» **Dataset entries**:
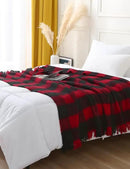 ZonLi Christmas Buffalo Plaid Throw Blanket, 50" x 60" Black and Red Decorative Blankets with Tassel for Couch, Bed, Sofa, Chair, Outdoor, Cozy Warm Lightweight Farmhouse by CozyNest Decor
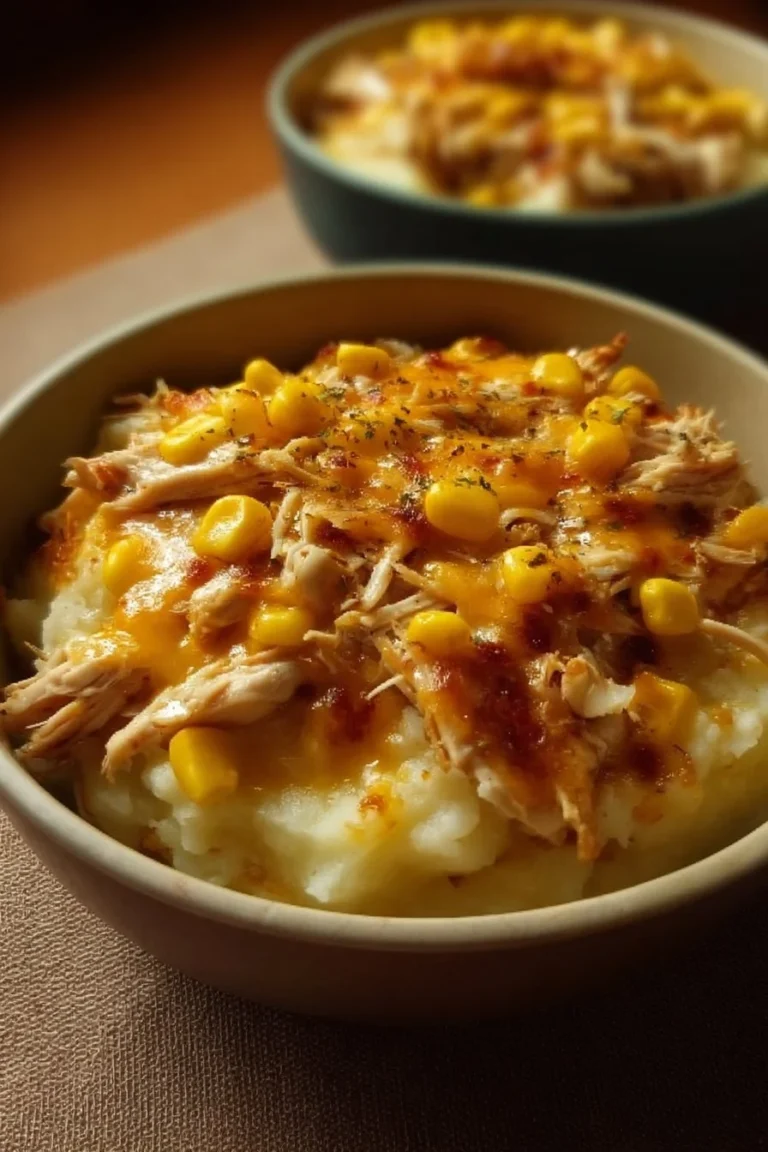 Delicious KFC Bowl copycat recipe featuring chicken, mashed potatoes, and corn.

* * *

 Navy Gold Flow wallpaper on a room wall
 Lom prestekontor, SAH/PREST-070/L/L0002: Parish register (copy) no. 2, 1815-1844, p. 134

» **What is expected**:
Beginning with the line holding "ZonLi Christmas Buffalo" in the material above, restate word for word each line through the line holding "Delicious KFC Bowl", and exclude pictures.

» **Result of the task**:
 ZonLi Christmas Buffalo Plaid Throw Blanket, 50" x 60" Black and Red Decorative Blankets with Tassel for Couch, Bed, Sofa, Chair, Outdoor, Cozy Warm Lightweight Farmhouse by CozyNest Decor
 Delicious KFC Bowl copycat recipe featuring chicken, mashed potatoes, and corn.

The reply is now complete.